◆ **Exercise prompt**: Restate word for word the line containing "Lavazza BLUE capsules" and each line that follows it, through the last line below, and nothing else.

-*-

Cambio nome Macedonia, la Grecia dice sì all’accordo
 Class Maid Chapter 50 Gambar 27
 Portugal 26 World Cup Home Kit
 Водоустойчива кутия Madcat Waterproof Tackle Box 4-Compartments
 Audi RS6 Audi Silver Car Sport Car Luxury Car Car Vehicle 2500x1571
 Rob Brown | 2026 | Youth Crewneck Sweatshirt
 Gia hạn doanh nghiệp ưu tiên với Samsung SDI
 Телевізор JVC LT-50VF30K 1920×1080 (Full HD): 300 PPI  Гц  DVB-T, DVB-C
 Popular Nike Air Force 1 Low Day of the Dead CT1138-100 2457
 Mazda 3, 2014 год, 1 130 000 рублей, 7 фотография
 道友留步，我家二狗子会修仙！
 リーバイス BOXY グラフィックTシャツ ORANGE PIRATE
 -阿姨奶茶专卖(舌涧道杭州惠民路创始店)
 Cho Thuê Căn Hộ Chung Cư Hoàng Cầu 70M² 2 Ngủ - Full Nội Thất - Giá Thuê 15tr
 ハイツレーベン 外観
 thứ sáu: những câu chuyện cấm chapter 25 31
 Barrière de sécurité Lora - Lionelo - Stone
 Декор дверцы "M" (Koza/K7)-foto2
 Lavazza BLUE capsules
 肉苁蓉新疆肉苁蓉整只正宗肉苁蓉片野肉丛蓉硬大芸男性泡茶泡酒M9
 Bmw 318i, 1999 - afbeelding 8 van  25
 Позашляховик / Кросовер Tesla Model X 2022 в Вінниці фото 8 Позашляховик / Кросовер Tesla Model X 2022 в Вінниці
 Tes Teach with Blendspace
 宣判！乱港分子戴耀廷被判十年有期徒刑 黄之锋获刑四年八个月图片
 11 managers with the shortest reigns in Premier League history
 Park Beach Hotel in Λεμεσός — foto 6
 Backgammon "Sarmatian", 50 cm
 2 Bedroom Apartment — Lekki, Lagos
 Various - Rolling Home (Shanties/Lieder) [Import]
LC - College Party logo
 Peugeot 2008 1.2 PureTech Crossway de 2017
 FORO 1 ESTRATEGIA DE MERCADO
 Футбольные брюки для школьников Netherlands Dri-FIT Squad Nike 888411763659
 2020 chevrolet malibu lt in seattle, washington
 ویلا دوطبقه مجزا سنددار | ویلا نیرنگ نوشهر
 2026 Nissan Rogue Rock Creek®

-*-

◆ **Expected answer**:
 Lavazza BLUE capsules
 肉苁蓉新疆肉苁蓉整只正宗肉苁蓉片野肉丛蓉硬大芸男性泡茶泡酒M9
 Bmw 318i, 1999 - afbeelding 8 van  25
 Позашляховик / Кросовер Tesla Model X 2022 в Вінниці фото 8 Позашляховик / Кросовер Tesla Model X 2022 в Вінниці
 Tes Teach with Blendspace
 宣判！乱港分子戴耀廷被判十年有期徒刑 黄之锋获刑四年八个月图片
 11 managers with the shortest reigns in Premier League history
 Park Beach Hotel in Λεμεσός — foto 6
 Backgammon "Sarmatian", 50 cm
 2 Bedroom Apartment — Lekki, Lagos
 Various - Rolling Home (Shanties/Lieder) [Import]
LC - College Party logo
 Peugeot 2008 1.2 PureTech Crossway de 2017
 FORO 1 ESTRATEGIA DE MERCADO
 Футбольные брюки для школьников Netherlands Dri-FIT Squad Nike 888411763659
 2020 chevrolet malibu lt in seattle, washington
 ویلا دوطبقه مجزا سنددار | ویلا نیرنگ نوشهر
 2026 Nissan Rogue Rock Creek®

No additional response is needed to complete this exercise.